- Born: John Steven Barry 31 August 1924 Minneapolis, Minnesota
- Died: 3 July 2009 (aged 84)
- Education: University of Minnesota
- Occupation: Businessman

= John Barry (WD-40) =

American businessman

John Steven Barry (August 31, 1924 – July 3, 2009) was an American business executive who popularized WD-40, a water-displacing spray and solvent that had been created in the 1950s for use in the space program and spread its use in the consumer market.

==Early life and education==
Barry was born in Minneapolis, Minnesota. He attended the University of Minnesota, from which he received a bachelor's degree in mechanical engineering. He was designated to participate in an officer's training program after enlisting in the United States Navy, as part of which he attended Columbia University and Harvard University. After his military service, he attended the MIT Sloan School of Management, earning a master's degree in business administration. He had been hired by 3M after graduation, but was called to active duty in the Navy during the Korean War.

==WD-40==
The product had originally been created by Rocket Chemical Company in 1953 as a degreasing and rust-preventing spray, with the name WD-40 coming from "water displacement, formulation successful in 40th attempt". One of its earliest users was Convair, which used the liquid to protect the outside of its SM-65 Atlas missiles. Norm Larsen, one of WD-40's creators, saw that Convair employees had found uses in their homes and started marketing the product in stores starting in 1958. Barry had no involvement in the company until he was hired in 1969 to succeed his father-in-law, Cy Irving, as its chief executive office and president, with one of his first actions being to rename the company WD-40 Company after its best-known product, reasoning that the company was not in the rocket business, after all.

Through creative marketing, Barry was able to significantly increase the product's market through additional advertising spending, improving the design of the product and its distinctive blue and yellow aerosol can, expanding sales into supermarkets to tap into impulse purchases and growing distribution from 1,200 wholesalers when he was hired to 14,000 within a decade in the United States and internationally. Barry was fond of using free product samples as a promotional tool, including 10,000 that were sent monthly to soldiers fighting in the Vietnam War to help maintain their weapons in the difficult climate. Barry steadfastly resisted the received wisdom that diversification was the optimal marketing strategy, resolutely keeping the company a one-product firm.

Though Barry acknowledged that other companies had products that were similar to his, he ensured that the firm jealously protected its trademark and that it never fully revealed the components used in its manufacture to the public. He refused to produce a private label version of the product for Sears, Roebuck and Company, emphasizing that at WD-40 "we are a marketing company" even if they "appear to be a manufacturing company". Company surveys showed that 80% of American households had the product, using it for the standard squeaky hinges and road tar removal, to ungluing tongues stuck to frozen metal and removing a python from under a bus.

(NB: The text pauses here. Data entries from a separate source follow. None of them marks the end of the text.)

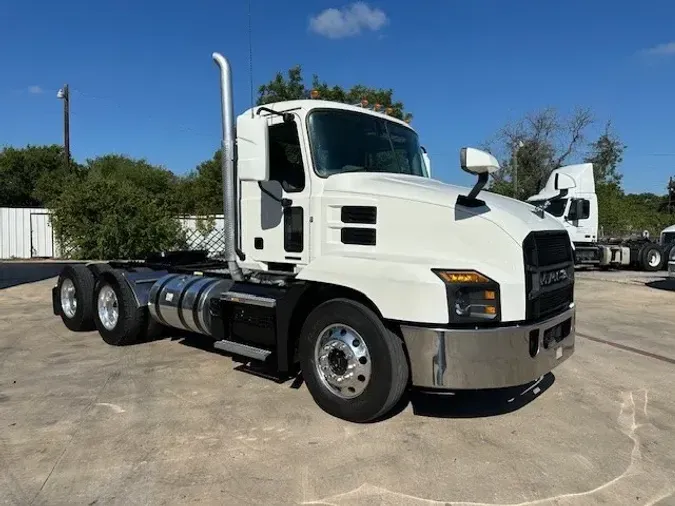 2022 MACK AN64T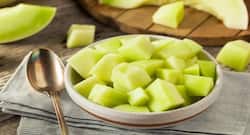 What are the health benefits of honeydew fruit?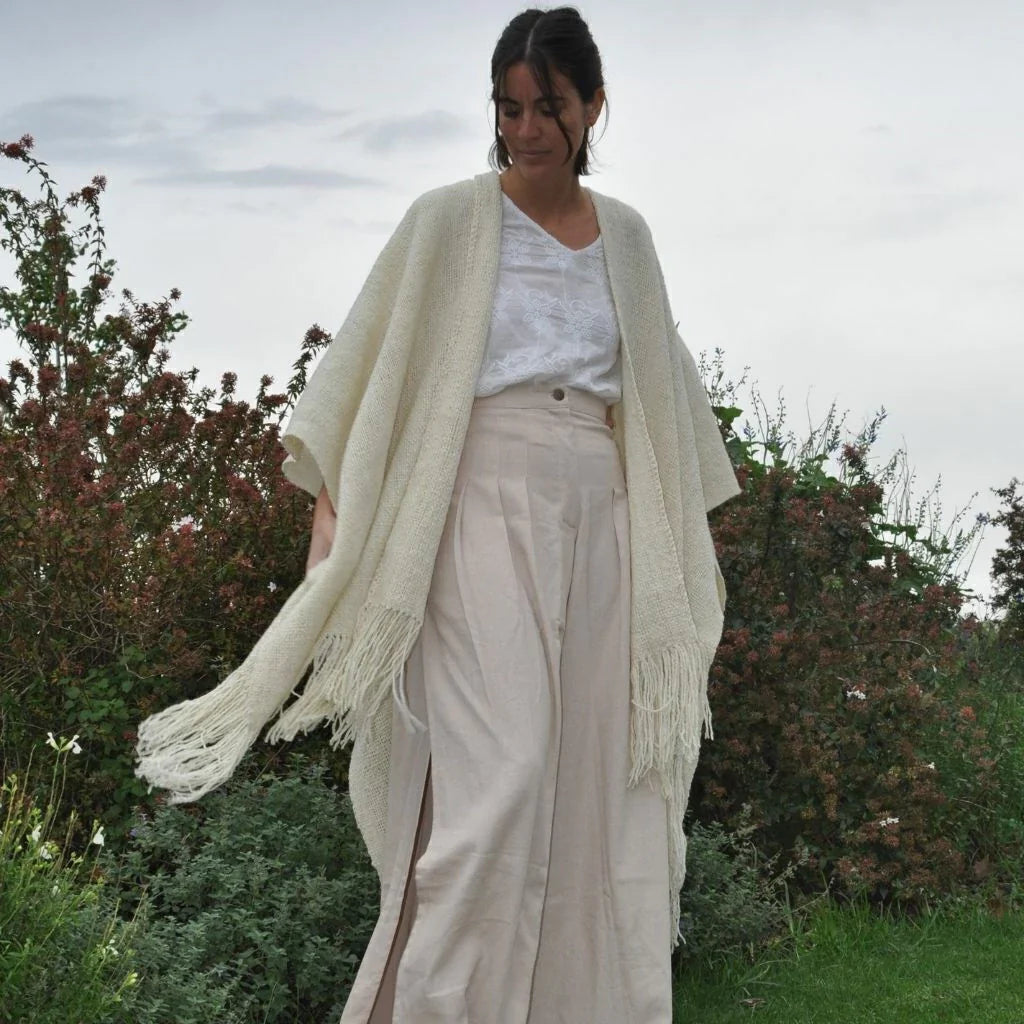 Ruana Irupé – Natural (Crudo)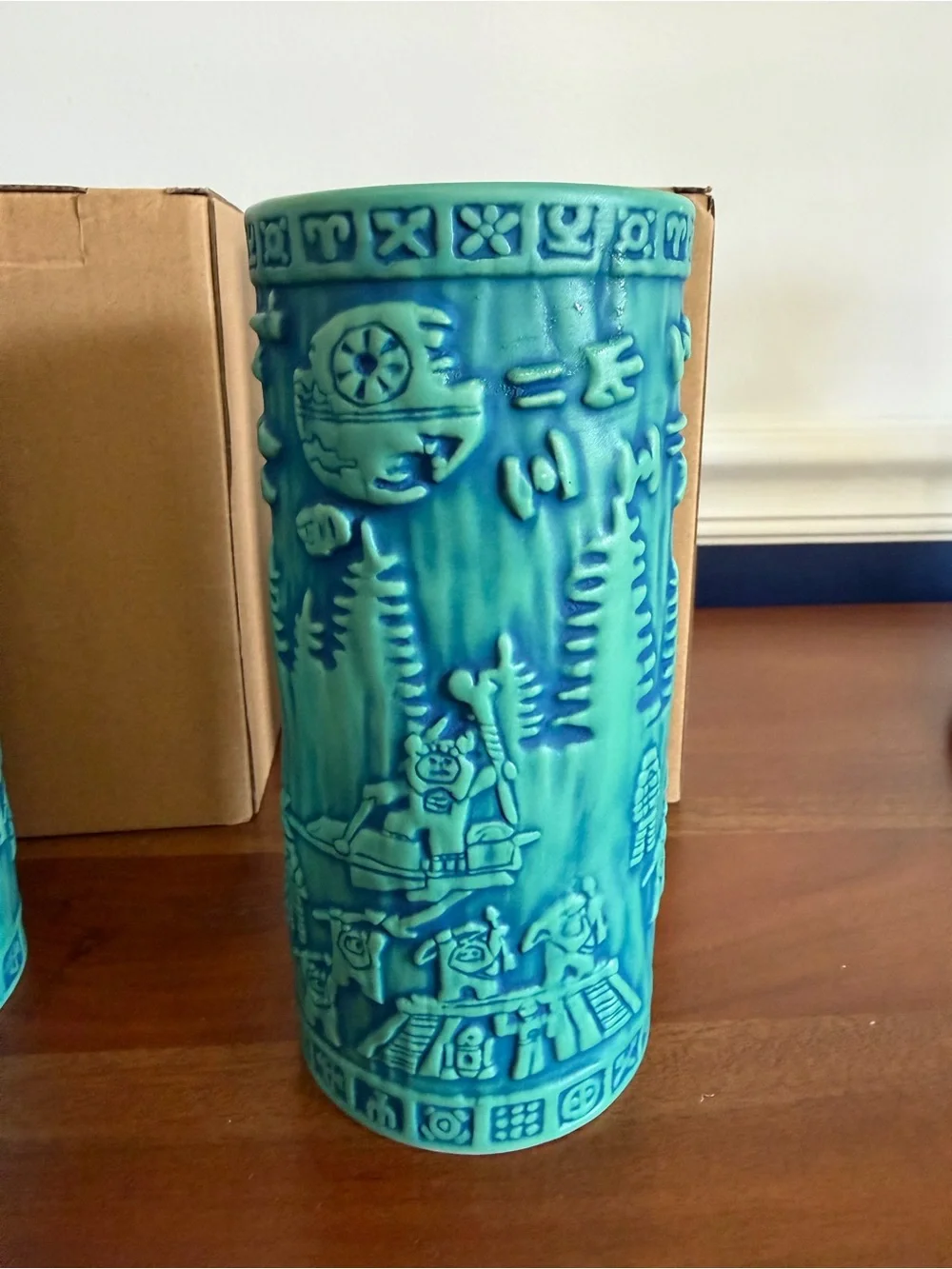 2 New Disney Star Wars Galaxy's Edge Oga’s Cantina Yub Endor Oga’s Cantina Tiki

Barry stepped down as president and CEO in September 1990 and was succeeded by Gerald C. Schleif. Barry left his role as chairman of the board in September 2000, and was followed in the post by Daniel W. Derbes. Sales grew from $2 million in 1970, his first full year at the company, to $90 million in 1990 and $317 million in the year before his death.

==Personal==
Barry died at age 84 on July 3, 2009, due to pulmonary fibrosis in a skilled nursing center in La Jolla in San Diego, California. He was survived by his wife, the former Marian A. Irving; a daughter, Deborah B. Faneros of Camarillo, California, two sons, Stephen A. Barry of Escondido and Randy P. Barry of San Diego, and four grandsons.